The United Nation’s recent draft resolution seeking a change in the composition of permanent members in the Security Council, often termed a  “Big Boys” club, has generated much euphoria in diplomatic circles of countries like India, Brazil, Japan, and Germany- a group coined as the G-4. However, it is this euphoria which demands a critical analysis of the UNSC itself. It is imperative to understand whether a permanent seat on the UNSC is worth the effort put by these countries, and especially by India. I.e., is a permanent seat a “feather” on the hat or the “hat” itself?

India has been a strong and old contender for a permanent seat on the UNSC since 1955. To realize this dream it has left no leaf unturned and has even managed to get assurances from almost all countries including big guns like the United States, Great Britain, and Russia and even from G-4 nations. It is almost unacceptable for people in power in India to digest the fact that a country with 1.2 billion people and a $2 trillion economy, that is the third largest country in terms of purchasing power parity, and that is a major contributor to UNPKF isn’t a member of the UNSC club. The above sentiment is evident from Indian Prime Minister Narendra Modi’s recent address to the 70th UN general assembly where he called for UN reforms “so that it carries greater credibility and legitimacy and will be more representative and effective in achieving our goals,” while directly asking for India’s permanent membership to the UNSC.  India has even taken up this issue in various summit level interactions with countries like the United States, Great Britain, France, and Russia with all of these countries giving verbal assurances. India’s itch for the Security Council does make sense. However, my question isn’t about the criteria for India’s eligibility. Rather, it is about the UNSC’s significance in contemporary global politics.
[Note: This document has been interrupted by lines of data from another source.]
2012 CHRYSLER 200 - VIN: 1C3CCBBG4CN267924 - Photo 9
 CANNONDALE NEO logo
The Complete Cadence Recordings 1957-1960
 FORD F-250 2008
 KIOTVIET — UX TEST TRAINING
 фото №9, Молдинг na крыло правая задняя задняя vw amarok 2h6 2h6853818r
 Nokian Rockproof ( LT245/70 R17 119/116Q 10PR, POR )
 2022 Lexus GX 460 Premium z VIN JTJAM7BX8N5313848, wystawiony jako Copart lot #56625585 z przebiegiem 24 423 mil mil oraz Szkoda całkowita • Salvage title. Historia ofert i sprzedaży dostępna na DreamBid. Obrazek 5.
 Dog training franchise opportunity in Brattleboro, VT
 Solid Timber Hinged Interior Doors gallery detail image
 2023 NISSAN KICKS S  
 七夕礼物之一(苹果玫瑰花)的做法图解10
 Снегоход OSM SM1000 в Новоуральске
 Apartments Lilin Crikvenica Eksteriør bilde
Recent years have shown the United Nations, especially the UNSC, as a body deviating from its raison d’être and heading towards failure. It has become a parking lot for bureaucrats and political appointees. A close look at changed geo-politics and the United Nations’ incompetence to deal with it makes the above point clear. The major problems confronting the world today include turmoil in the Middle East accompanied by the rise of ISIS/ISIL, the rise of an assertive China, and the standoff between Russia and the West over Ukraine. However, notwithstanding its role to maintain peace and order, the UNSC hasn’t been able to draft out a concrete solution on any of these issues.

In fact, NATO intervention in Libya in 2011 has made the situation on ground worse. The recent exodus to Europe from these countries and the drowning of 700 Libyan refugees could in a way be attributed to the above intervention. The recent Syrian war has further exposed the weakness of the UNSC in fulfilling its objective of maintaining peace and order, with UN-Secretary General Ban-Ki-Moon raising his hand in defeat and claiming “Syria is our collective failure.” Other incidents include the U.S. invasion of Iraq in 2003 without the UNSC’s approval, China’s reluctance to accept any international arbitration on the South China Sea conflict, and the current impasse over Ukraine.

Next is the jackpot question of veto power, which is one of the major reasons for these persistent efforts made by G-4 countries, especially India, to gain a permanent UNSC seat. Given India’s policy of non-alignment in the past, veto power might complicate things further. A close look at voting patterns reveals that Russia and China are mostly on one side, while NATO partners are on the other. Given the strategic partnership that India maintains with each of these countries, taking a stance would not only adversely affect India’s relationship with them, but would also give a severe blow to India’s non-alignment stance. Hence, strained relations with these nations could lead to a possibility of exposing India to increased international pressure on issues like the Kashmir dispute, human rights abuse in the north east, and climate change reform.

In today’s world, issues like trade, security, and energy pertaining to long-term interests of emerging economies like India are achieved by bilateral negotiation. Examples include the U.S.-India nuclear deal as well as the Carbon Emission Agreement between the United States and China, both bilateral in nature. Placing one’s weight heavily on multilateral organizations like the UNSC seems illogical. Owing to the above-mentioned trend of global politics, India should focus more on engaging its diplomatic capital dynamically in bilateral fora rather than investing in moribund institutions like the UNSC.

With booming economies and youthful populations, developing nations – including India – appear just in their demands regarding a permanent UNSC seat. In fact, the inclusion of new countries would make the UNSC structure much more democratic and would reflect the changed realities of 21st century global politics. It would also infuse multiple viewpoints in the council, enabling it to take a more nuanced view of cascading political turmoil. Thus, if the UNSC is to maintain its legitimacy in a continuously evolving global, political structure, it is the UNSC that needs these members rather than the other way around.